No caso de o Presidente da República pedir a fiscalização sucessiva ou esta ser accionada por deputados da oposição, qualquer decisão do Tribunal Constitucional poderá ser prolongada no tempo e incidir apenas sobre o Orçamento após o fim do prazo previsto para o cumprimento do programa de intervenção regulado pelo Memorando assinado pelo Estado português, a Comissão Europeia, o Banco Central Europeu e o Fundo Monetário Internacional, que termina a 17 de Maio de 2014. Isto porque o Tribunal Constitucional não tem prazos para decidir no caso de fiscalização sucessiva.

Foi assim há um ano
No ano passado, Cavaco Silva usou a mensagem de Ano Novo como Presidente da República para advertir para a necessidade “de pôr cobro” à “espiral recessiva, em que a redução drástica da procura” levava então já “ao encerramento de empresas e ao agravamento do desemprego”.

E lembrando que a “execução do Orçamento” iria “traduzir-se numa redução do rendimento dos cidadãos, quer através de um forte aumento de impostos, quer através de uma diminuição das prestações sociais”, sublinhou que “todos” seriam afectados, “mas alguns mais do que outros”, o que lhe suscitava “fundadas dúvidas sobre a justiça na repartição dos sacrifícios”. E afirmava então: “Por minha iniciativa, o Tribunal Constitucional irá ser chamado a pronunciar-se sobre a conformidade do Orçamento do Estado para 2013 com a Constituição da República”.

Já então o Presidente justificou a razão por que não recorria à fiscalização preventiva: “O Orçamento entrou hoje em vigor, no primeiro dia do ano de 2013. Se tal não acontecesse, o país ficaria privado do mais importante instrumento de política económica de que dispõe e as consequências para Portugal no plano externo seriam extremamente negativas”.

Foi na mensagem de Ano Novo que o Presidente da República fez questão de apelar ao consenso político partidário que, no seu entender, optimizaria a busca de soluções para superar a crise da dívida pública.

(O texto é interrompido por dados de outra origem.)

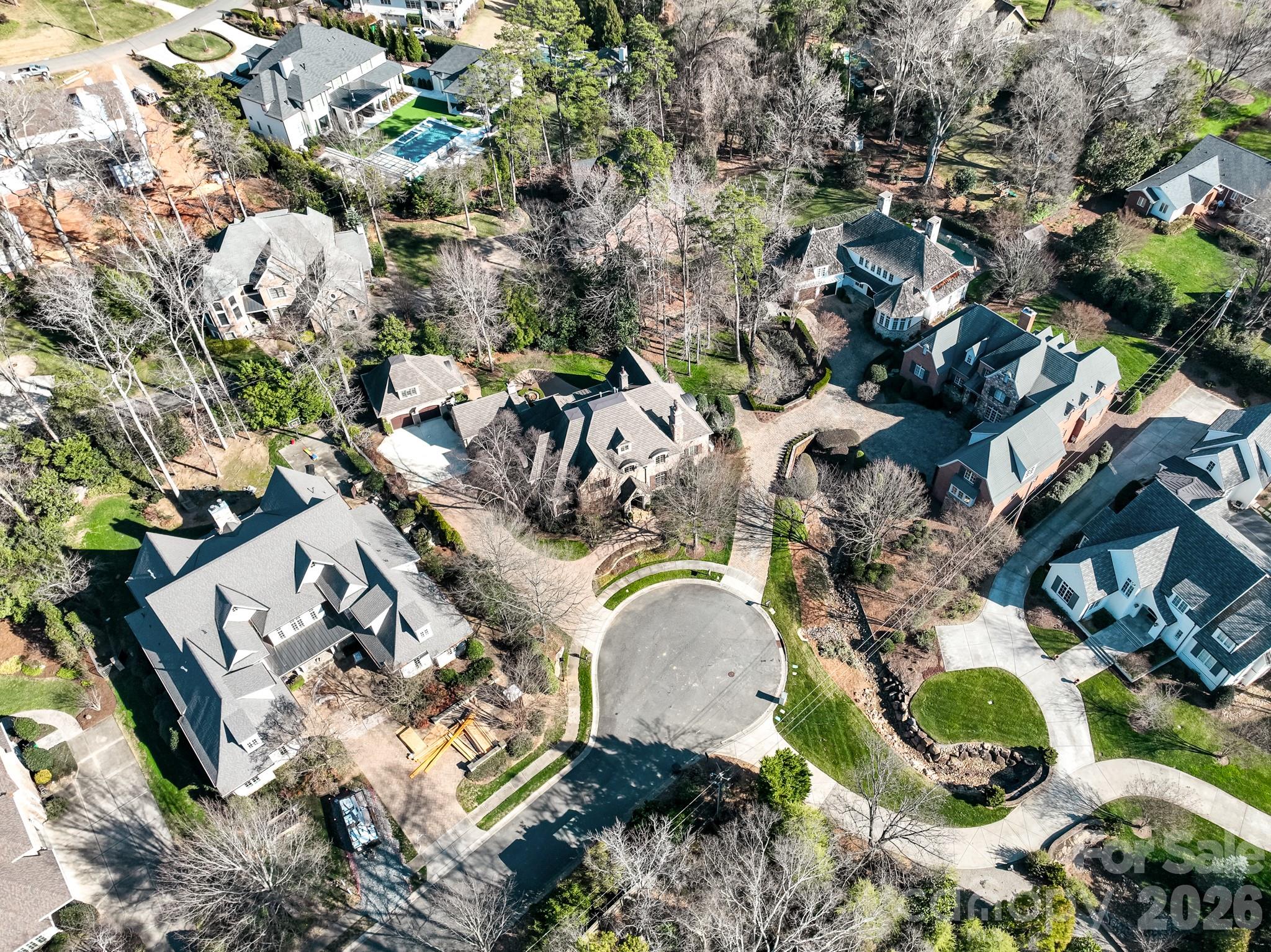 Eastover - Residential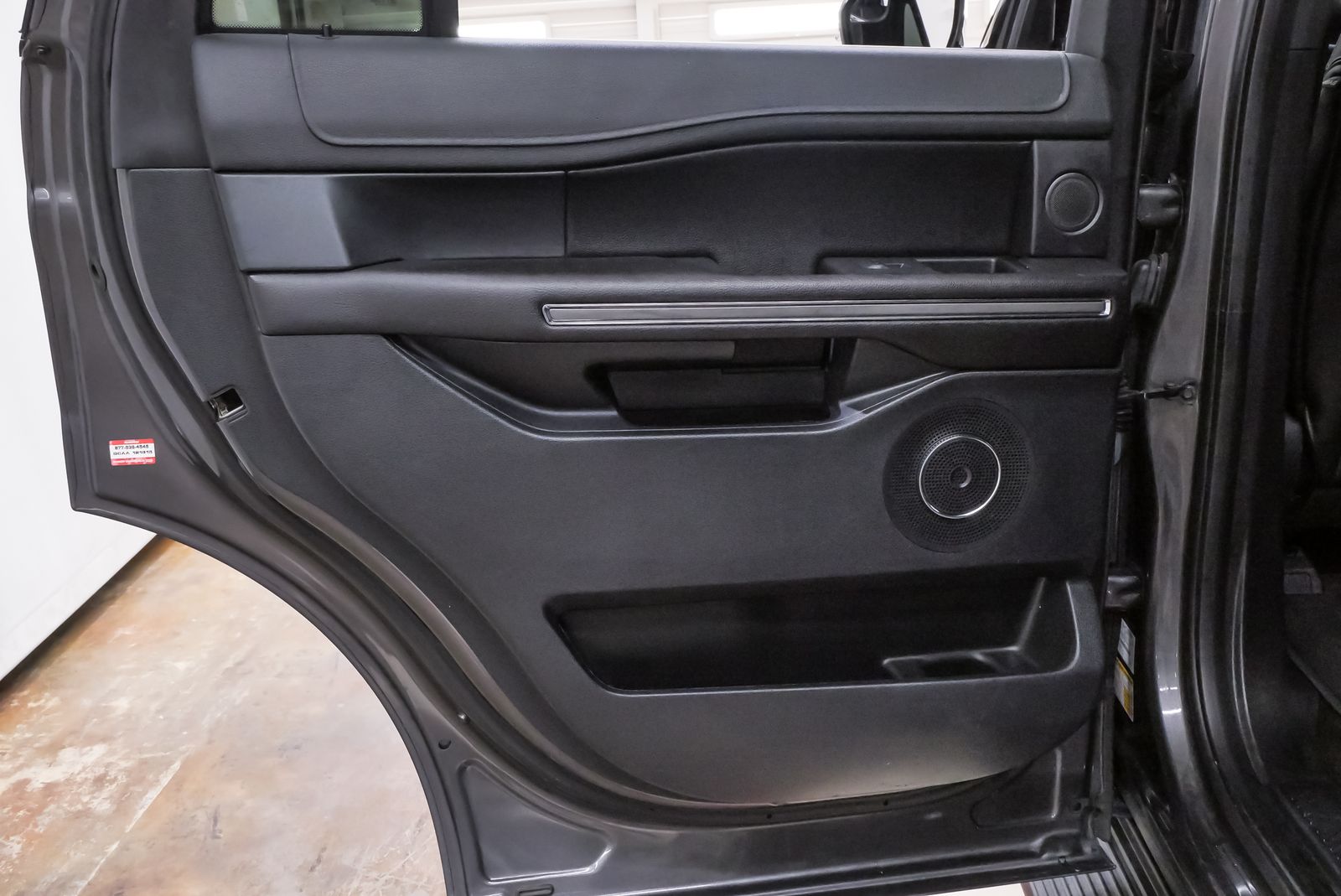 2018 Ford Expedition XLT Gray at Cook Ford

“A resolução dos problemas nacionais pressupõe diálogo e consenso, entendimentos feitos a pensar nos portugueses e no país como um todo”, dizia o Presidente há um ano para sublinhar a necessidade de haver diálogo e negociações entre o PSD e o CDS, no Governo, e o PS, principal partido da oposição, que em Maio de 2011, quando ainda era Governo, tinha negociado e assinado o Memorando: “Devemos ter presente que o programa de assistência financeira foi apoiado por partidos que representam 90% dos deputados à Assembleia da República, deputados eleitos num sufrágio que teve lugar há pouco mais de um ano e meio”.

E, antecipando as diligências que haveria de fazer no Verão para conseguir um Pacto de Regime, o Presidente dizia há um ano: “O país não está em condições de se permitir juntar uma grave crise política à crise económica, financeira e social em que está mergulhado”. Mas quando o pacto foi ensaiado no Verão, com a mediação do conselheiro presidencial David Justino, a iniciativa presidencial acabou por falhar e não houve acordo entre os partidos que tinham estado na origem do memorando.